__DATA RECORDS__:
++++++
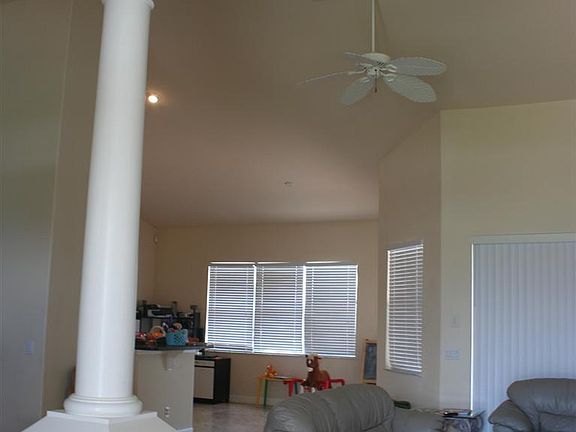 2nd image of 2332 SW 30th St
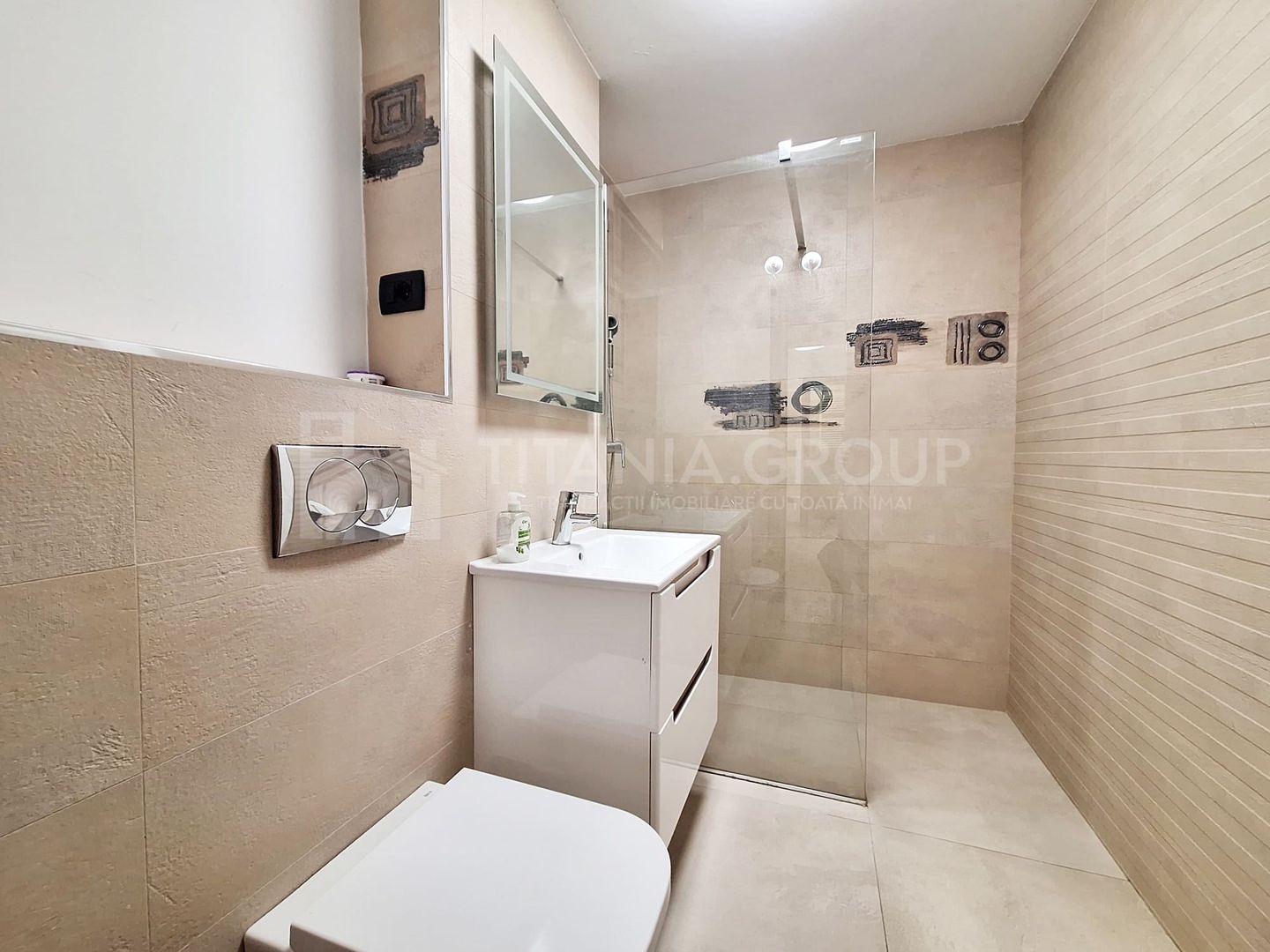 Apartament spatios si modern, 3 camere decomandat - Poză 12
++++++
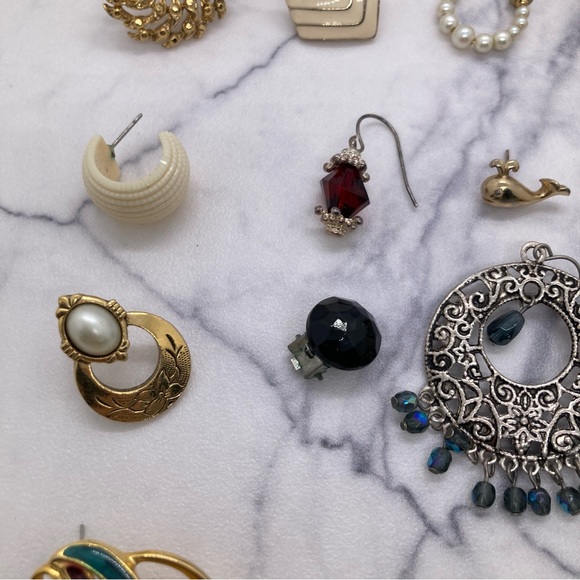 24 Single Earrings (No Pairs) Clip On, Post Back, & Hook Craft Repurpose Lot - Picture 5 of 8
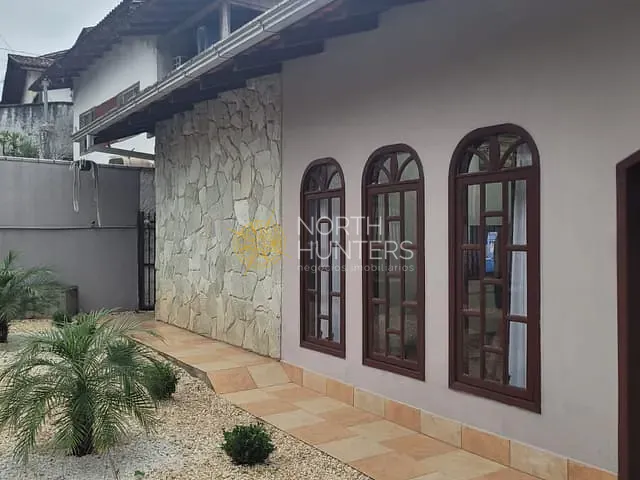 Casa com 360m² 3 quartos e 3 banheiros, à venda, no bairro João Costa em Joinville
++++++
__GOAL OF THE EXERCISE__: Copy exactly the material above from the line with "24 Single Earrings" to the line with "Casa com 360m²", ends included, and nothing else. Leave out any picture.

__FINAL ANSWER__:
 24 Single Earrings (No Pairs) Clip On, Post Back, & Hook Craft Repurpose Lot - Picture 5 of 8
 Casa com 360m² 3 quartos e 3 banheiros, à venda, no bairro João Costa em Joinville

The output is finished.